Dataset items:

◆ ◆ ◆ ◆ ◆ ◆ ◆

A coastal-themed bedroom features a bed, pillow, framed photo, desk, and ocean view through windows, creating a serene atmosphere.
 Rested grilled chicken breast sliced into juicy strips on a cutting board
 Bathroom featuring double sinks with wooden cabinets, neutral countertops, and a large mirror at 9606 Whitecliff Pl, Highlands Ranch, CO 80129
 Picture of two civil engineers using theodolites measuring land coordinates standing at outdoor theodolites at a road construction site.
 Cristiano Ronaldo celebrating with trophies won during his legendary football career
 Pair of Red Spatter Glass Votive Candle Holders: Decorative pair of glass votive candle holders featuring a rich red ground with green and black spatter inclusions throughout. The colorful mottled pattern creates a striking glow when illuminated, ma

◆ ◆ ◆ ◆ ◆ ◆ ◆

- WHAT NEEDS TO BE DONE:
In full and without deviation, reproduce the entries above.

- RESULT OF THE TASK:
A coastal-themed bedroom features a bed, pillow, framed photo, desk, and ocean view through windows, creating a serene atmosphere.
 Rested grilled chicken breast sliced into juicy strips on a cutting board
 Bathroom featuring double sinks with wooden cabinets, neutral countertops, and a large mirror at 9606 Whitecliff Pl, Highlands Ranch, CO 80129
 Picture of two civil engineers using theodolites measuring land coordinates standing at outdoor theodolites at a road construction site.
 Cristiano Ronaldo celebrating with trophies won during his legendary football career
 Pair of Red Spatter Glass Votive Candle Holders: Decorative pair of glass votive candle holders featuring a rich red ground with green and black spatter inclusions throughout. The colorful mottled pattern creates a striking glow when illuminated, ma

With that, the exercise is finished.